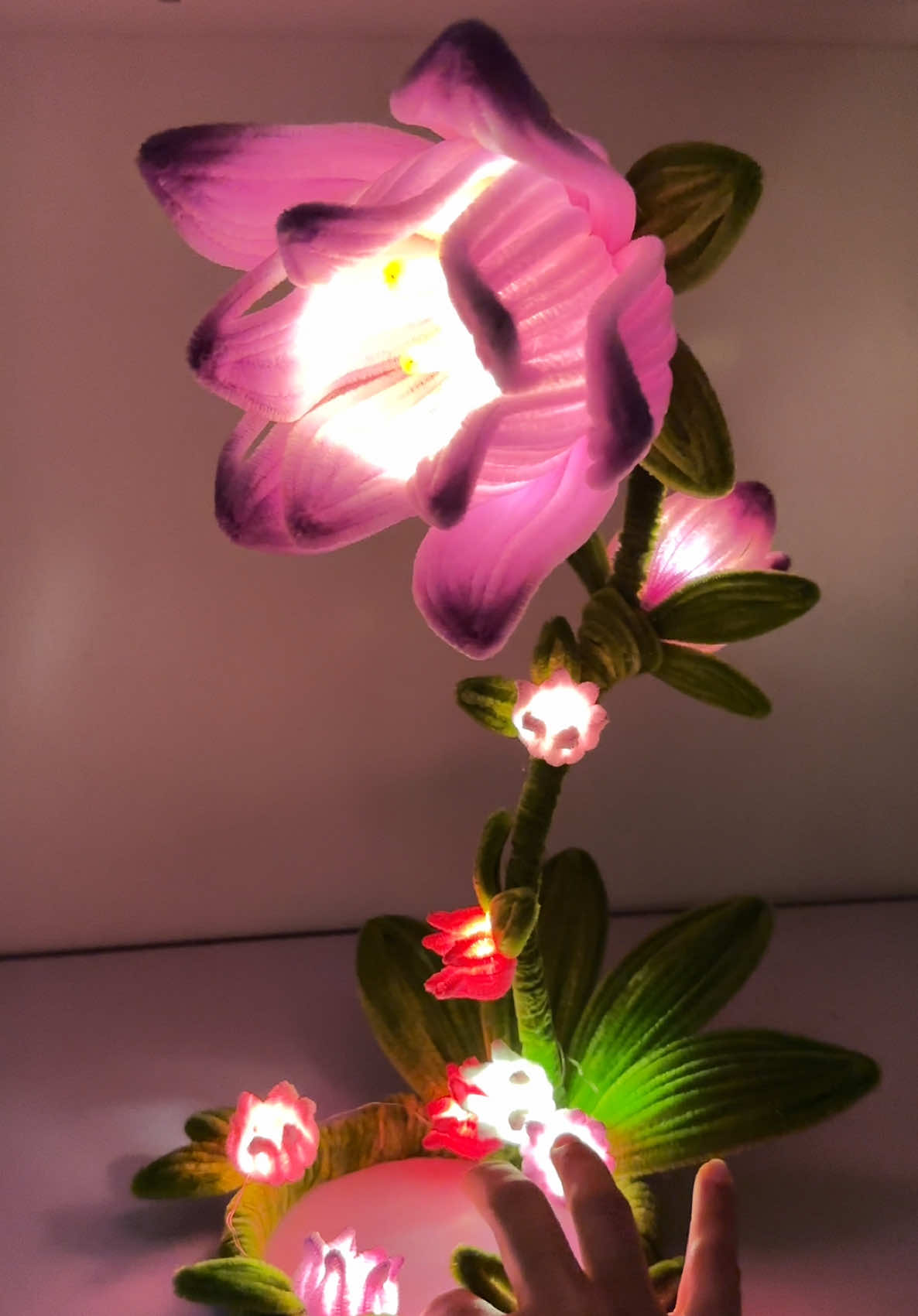 Lampu meja bunga macam ni lawa kan😍😍  #chenille #fyp #kawatbulu #foryou #flower #foryour #bouquet #flowerpot #sunflower #rose #minidaisy #chenillestemsflowers #chenilleflowers #tulips 
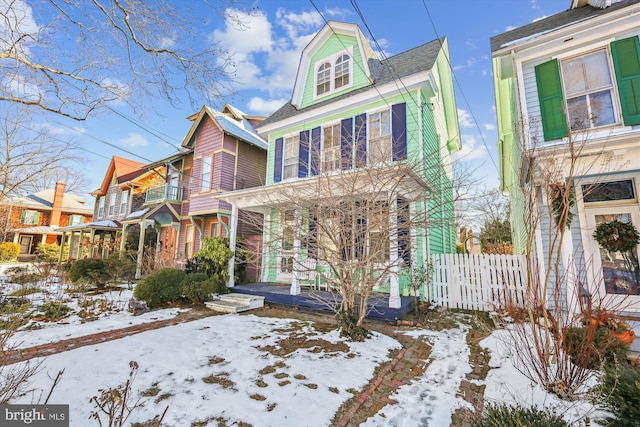 view of front of property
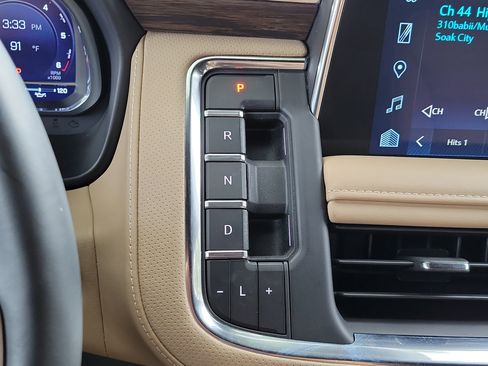 Used 2024 Chevrolet Tahoe Premier AWD/4WD image 31
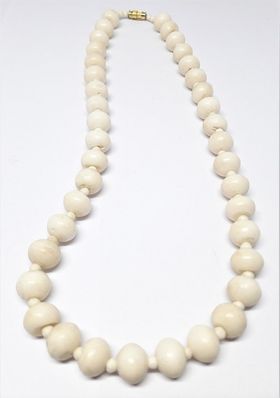 Kort halsband med kulor av ben, liten mellankula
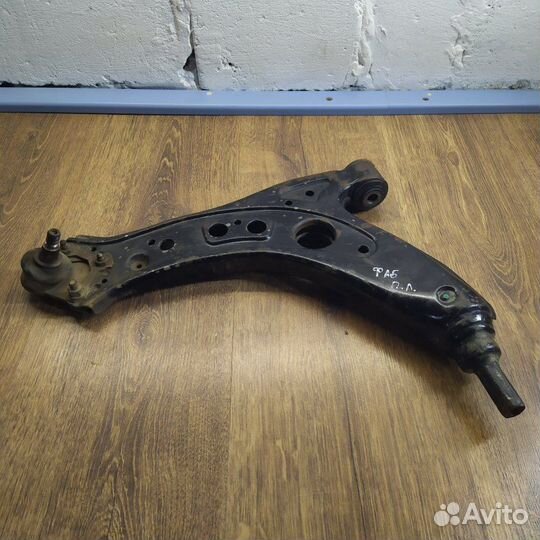 Рычаг передний левый Skoda Fabia универсал 1 2007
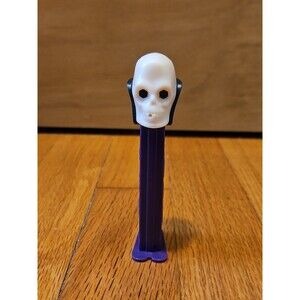 Vintage 1971 Purple Pez Dispenser Dr Skull Skeleton with Feet Made in Slovenia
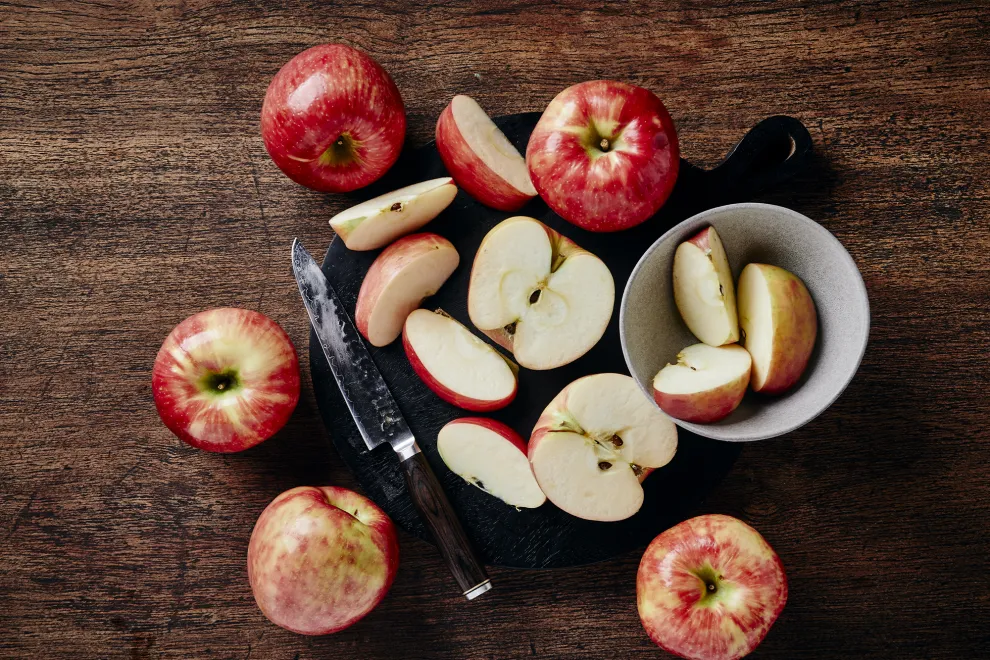 Los siete beneficios de incorporarle manzana a la ensalada.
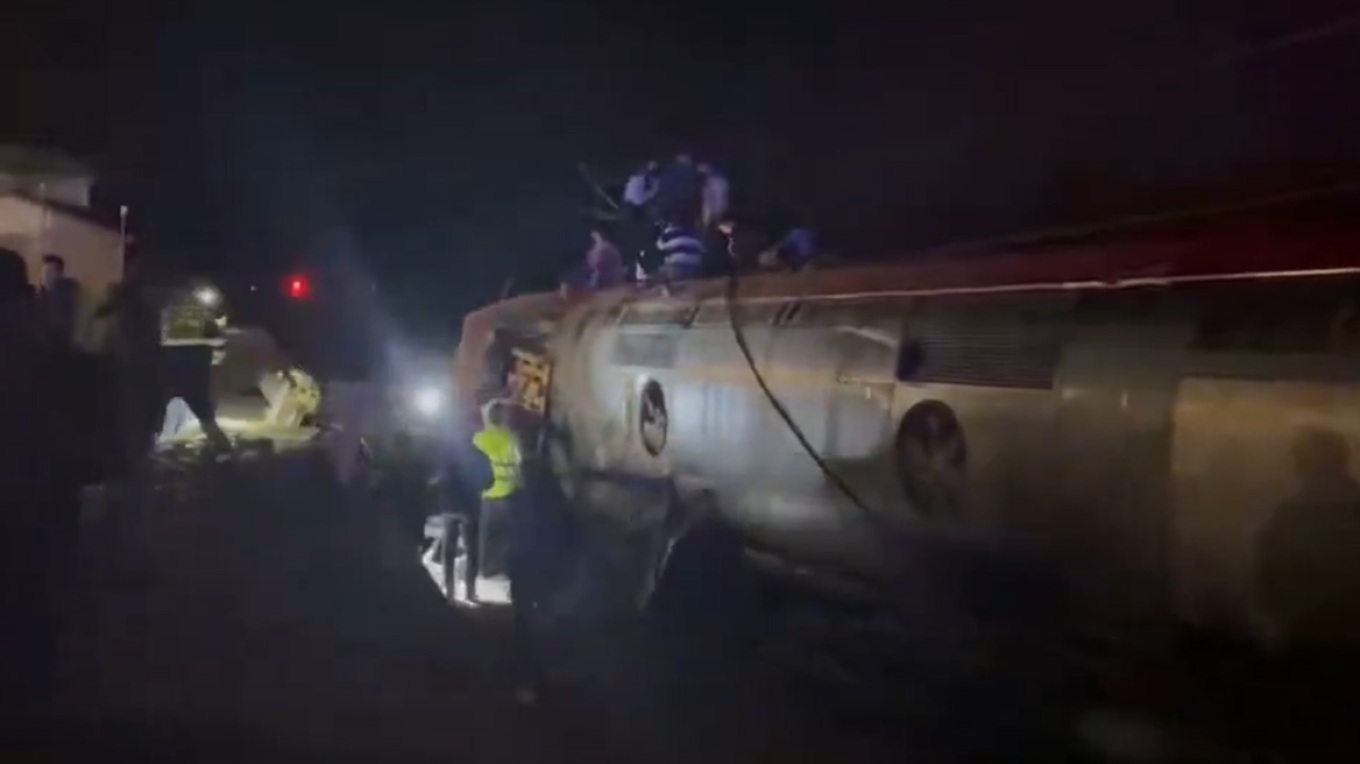 &Epsilon;&kappa;&tau;&rho;&omicron;&chi;&iota;&alpha;&sigma;&mu;ό&sigmaf; &tau;&rho;έ&nu;&omega;&nu; &upsilon;&psi;&eta;&lambda;ή&sigmaf; &tau;&alpha;&chi;ύ&tau;&eta;&tau;&alpha;&sigmaf; &sigma;&tau;&eta;&nu; &Iota;&sigma;&pi;&alpha;&nu;ί&alpha;: &Tau;&omicron;&upsilon;&lambda;ά&chi;&iota;&sigma;&tau;&omicron;&nu; 21 &nu;&epsilon;&kappa;&rho;&omicron;ί &kappa;&alpha;&iota; 30 &sigma;&omicron;&beta;&alpha;&rho;ά &tau;&rho;&alpha;&upsilon;&mu;&alpha;&tau;ί&epsilon;&sigmaf;, &laquo;&sigma;&alpha;&nu; &tau;&alpha;&iota;&nu;ί&alpha; &tau;&rho;ό&mu;&omicron;&upsilon;&raquo; &lambda;έ&nu;&epsilon; &epsilon;&pi;&iota;&beta;ά&tau;&epsilon;&sigmaf;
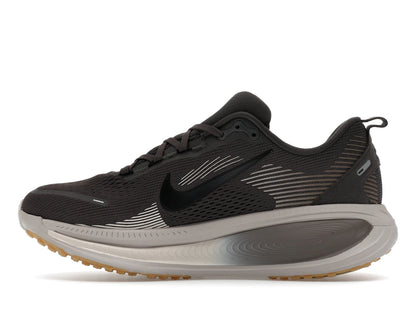 Nike Vomero 18 Medium Ash College Grey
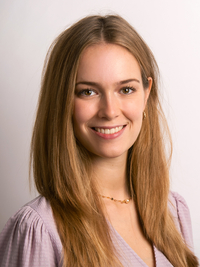 Portrait Alina Grabow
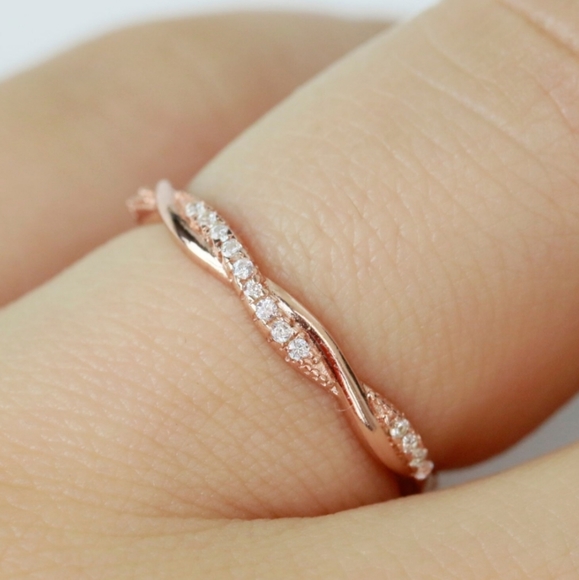 18 K Rose Gold Plated Ring with Lab Created/Simulated Diamonds Size 8 NWOT - Picture 2 of 6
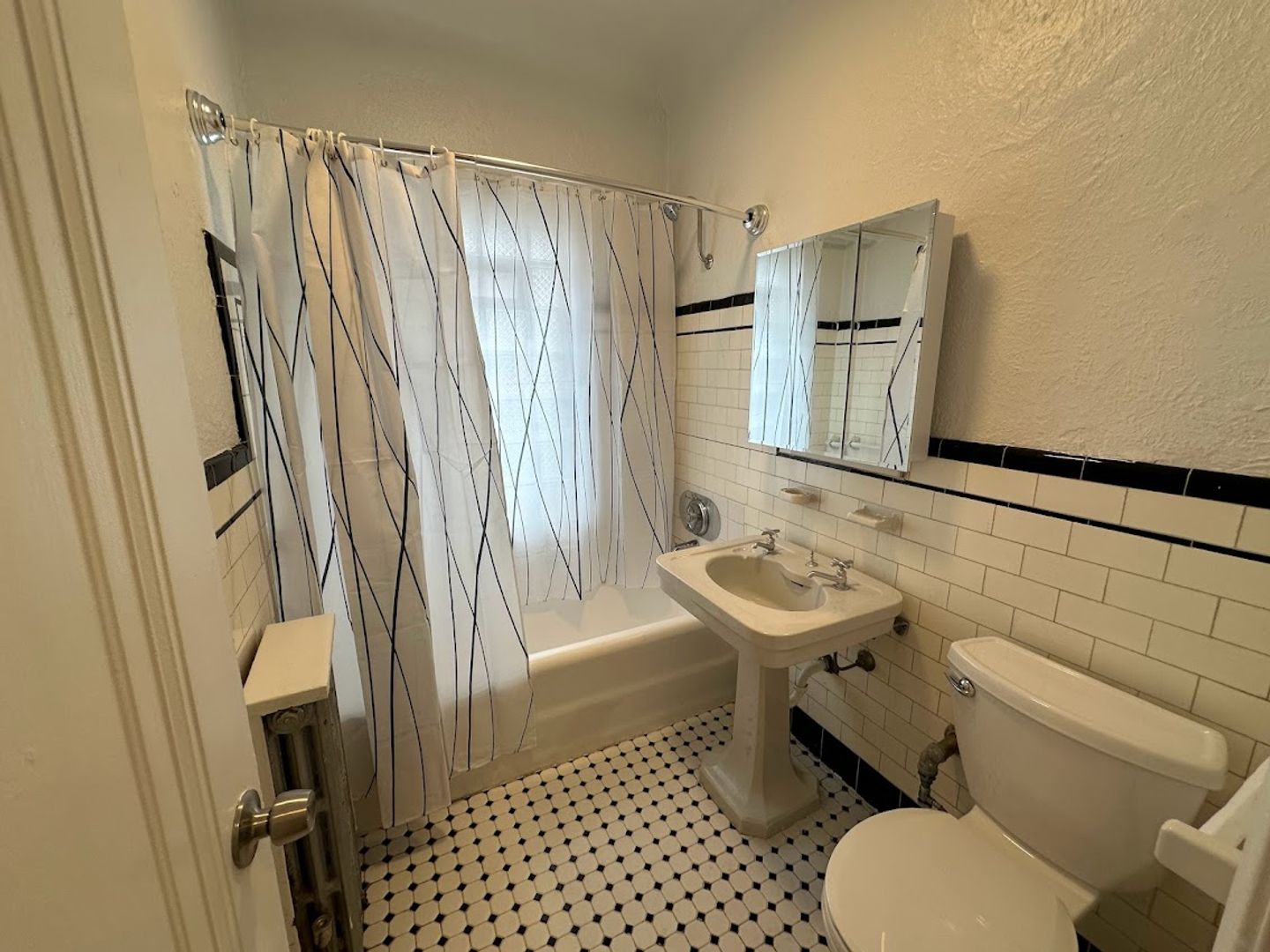 1 Bed – 1 Bath Apartment for Rent Available in Cleveland Hts Image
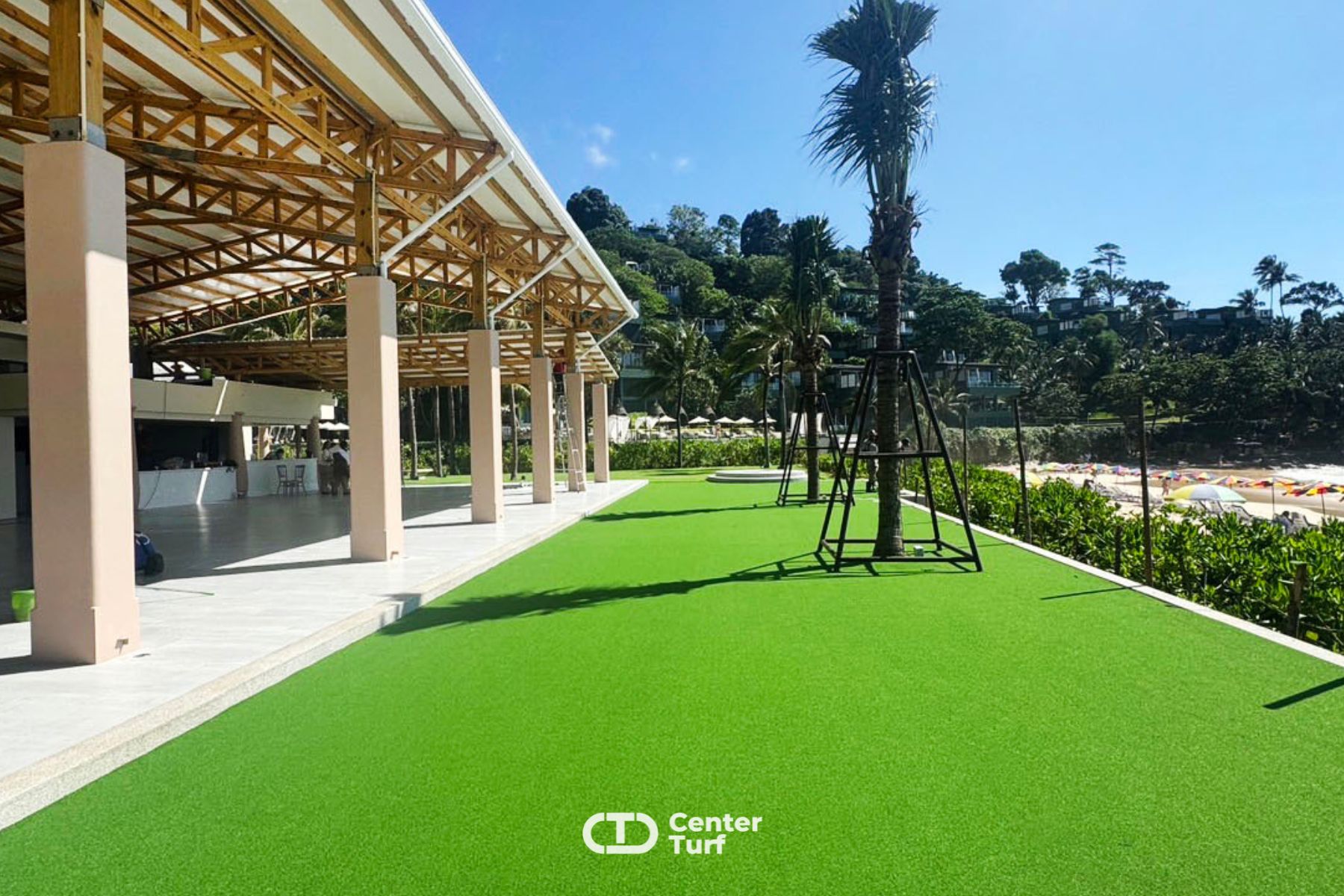 เลือกนำไปใช้งานได้หลากหลายรูปแบบหญ้าเทียมรุ่นนี้มีความโดดเด่นเรื่องความหนาแน่นทนทานต่อการใช้งานหนัก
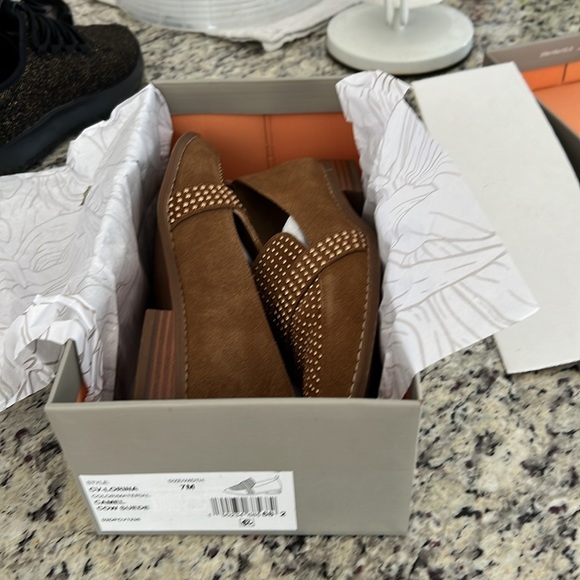 Suede loafers. - Picture 7 of 8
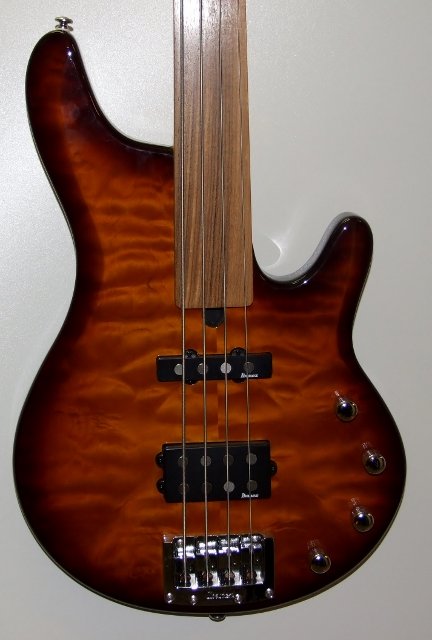 Electric Bass Guitar -Ibanez RoadGear RD500  Sunburst RD500F-SB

> [Action item]: What do the lines above say from the line containing "18 K Rose Gold" through the last line? Quote them exactly, both ends included, and leave out the pictures.

> [Response to the task]:
 18 K Rose Gold Plated Ring with Lab Created/Simulated Diamonds Size 8 NWOT - Picture 2 of 6
 1 Bed – 1 Bath Apartment for Rent Available in Cleveland Hts Image
 เลือกนำไปใช้งานได้หลากหลายรูปแบบหญ้าเทียมรุ่นนี้มีความโดดเด่นเรื่องความหนาแน่นทนทานต่อการใช้งานหนัก
 Suede loafers. - Picture 7 of 8
 Electric Bass Guitar -Ibanez RoadGear RD500  Sunburst RD500F-SB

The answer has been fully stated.